Non-canonical role of E3 ligase RIPLET in innate immunity as a co-receptor for RIG-I

Ubiquitin (Ub) and its E3 ligases play diverse biological roles, from proteasomal degradation to innate immune signaling. The conventional view posits that E3 ligases function primarily through conjugating Ub to their substrate molecules. We report here that RIPLET, an essential E3 ligase in antiviral immunity, promotes the antiviral signaling activity of the viral RNA receptor RIG-I through both Ub-dependent and -independent manners.

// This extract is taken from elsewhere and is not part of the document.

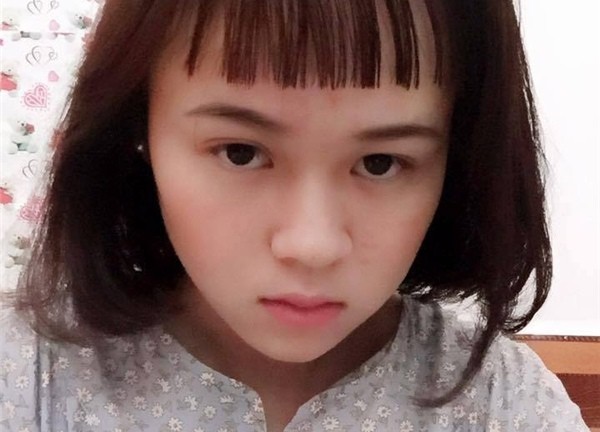 Tin tưởng giao mái tóc cho chồng, cô vợ khóc thét khi nhìn thành phẩm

RIPLET utilizes its dimeric structure and the bivalent binding mode to preferentially recognize RIG-I preoligomerized on dsRNA. RIPLET can also adopt an alternative binding mode for filamentous oligomers of RIG-I assembled on longer dsRNAs, cross-bridging RIG-I filaments in both ubiquitin-dependent and -independent manners. The resultant receptor clustering leads to the formation of aggregate-like cytosolic granules and the stimulation of RIG-I-mediated antiviral signaling in a RNA-length dependent manner. These observations show the unexpected role of an E3 ligase as a co-receptor that directly participates in receptor oligomerization and ligand discrimination. This study also highlights previously unrecognized mechanisms by which an E3 ligase induces receptor clustering and signal amplification, and offers insights into the unique cellular function of membrane-less granule assembly.